Halb Dresden tanzte nach seinen Takten

Allein fürs Brückenmännchen hat Heinz Kunert 200 Lieder komponiert. Mit 96 Jahren sitzt er noch immer am Flügel. 

Seinen Blüthner-Flügel hat Heinz Kunert für 2 000 Mark dem Rundfunkorchesterleiter Hans-Hendrik Wehding abgekauft.
Seinen Blüthner-Flügel hat Heinz Kunert für 2 000 Mark dem Rundfunkorchesterleiter Hans-Hendrik Wehding abgekauft. © Sven Ellger

Draußen wehen die letzten weißen Blütenblätter vom Kirschbaum. Drinnen klingen die ersten Takte des Stollenlieds. Am Flügel sitzt Heinz Kunert. Dieses und Hunderte Lieder mehr hat er geschrieben, 200 allein für die Kinderrevue „Das Brückenmännchen“. Vierzig Jahre lang gehörte sie fest zum Programm des Dresdner Kulturpalastes. Und weil die Dresdner Traditionen lieben, sollten auch sie sich musikalisch verewigt sehen. Die DDR lag in den letzten Zügen, da beauftragte der damalige Regierungschef Hans Modrow den Dresdner Komponisten und Pianisten Heinz Kunert damit, ein Lied zu Ehren der Dresdner zu schreiben. So entstand „Denn Dresden liebt Gemütlichkeit“.

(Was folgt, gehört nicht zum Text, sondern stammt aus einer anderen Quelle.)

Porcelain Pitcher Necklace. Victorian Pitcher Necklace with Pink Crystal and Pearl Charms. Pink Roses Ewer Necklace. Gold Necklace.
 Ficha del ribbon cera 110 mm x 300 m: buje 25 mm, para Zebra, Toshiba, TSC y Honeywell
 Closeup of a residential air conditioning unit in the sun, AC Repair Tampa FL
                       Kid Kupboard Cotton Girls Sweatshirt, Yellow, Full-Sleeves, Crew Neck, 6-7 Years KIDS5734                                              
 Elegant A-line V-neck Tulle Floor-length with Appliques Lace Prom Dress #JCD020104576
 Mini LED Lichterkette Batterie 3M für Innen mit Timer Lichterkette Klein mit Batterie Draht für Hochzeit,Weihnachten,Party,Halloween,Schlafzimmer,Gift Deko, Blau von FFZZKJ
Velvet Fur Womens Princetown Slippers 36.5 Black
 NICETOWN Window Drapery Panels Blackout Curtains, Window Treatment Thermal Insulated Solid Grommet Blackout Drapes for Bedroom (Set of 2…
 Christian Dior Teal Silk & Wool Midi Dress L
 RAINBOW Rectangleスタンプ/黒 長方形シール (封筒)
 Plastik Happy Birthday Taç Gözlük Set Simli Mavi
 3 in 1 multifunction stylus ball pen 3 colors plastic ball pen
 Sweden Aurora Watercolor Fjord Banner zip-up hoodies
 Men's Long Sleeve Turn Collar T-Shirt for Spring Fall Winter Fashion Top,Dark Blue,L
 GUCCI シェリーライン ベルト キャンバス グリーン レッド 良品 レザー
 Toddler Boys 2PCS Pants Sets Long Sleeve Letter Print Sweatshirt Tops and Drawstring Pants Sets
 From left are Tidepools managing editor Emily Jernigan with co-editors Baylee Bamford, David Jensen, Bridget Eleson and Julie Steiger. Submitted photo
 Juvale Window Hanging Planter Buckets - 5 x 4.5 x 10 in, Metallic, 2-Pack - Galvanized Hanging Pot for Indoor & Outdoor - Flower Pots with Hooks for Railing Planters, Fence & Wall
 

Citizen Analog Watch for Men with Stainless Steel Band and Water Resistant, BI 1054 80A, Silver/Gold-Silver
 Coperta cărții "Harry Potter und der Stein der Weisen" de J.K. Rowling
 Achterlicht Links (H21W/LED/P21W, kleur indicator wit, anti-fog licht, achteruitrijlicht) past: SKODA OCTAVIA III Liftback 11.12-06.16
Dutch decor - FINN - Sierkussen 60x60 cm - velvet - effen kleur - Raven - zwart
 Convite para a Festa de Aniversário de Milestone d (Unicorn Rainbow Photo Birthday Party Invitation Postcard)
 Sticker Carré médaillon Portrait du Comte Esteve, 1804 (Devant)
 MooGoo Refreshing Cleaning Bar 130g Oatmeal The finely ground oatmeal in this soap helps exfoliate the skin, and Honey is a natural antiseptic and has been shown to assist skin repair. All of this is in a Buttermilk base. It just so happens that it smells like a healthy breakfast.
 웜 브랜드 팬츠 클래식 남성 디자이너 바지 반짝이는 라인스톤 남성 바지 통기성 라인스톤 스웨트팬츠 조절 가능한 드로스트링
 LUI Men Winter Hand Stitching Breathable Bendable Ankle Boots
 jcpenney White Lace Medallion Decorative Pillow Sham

Dreißig Jahre später sitzt Kunert in seinem gemütlichen Wohnzimmer am Blüthner, der etwa ein Viertel des gesamten Raumes einnimmt. Mit beeindruckend fester Stimme stimmt der 96-Jährige an: „Ich gehe durch die Stadt, bin wieder mal in Eile, denn wer viele Freunde hat, hat niemals Langeweile...“ Das Brückenmännchenlied ist noch einmal 15 Jahre älter als die Dresden-Hymne und doch noch vielen Älteren und auch Jüngeren im Ohr.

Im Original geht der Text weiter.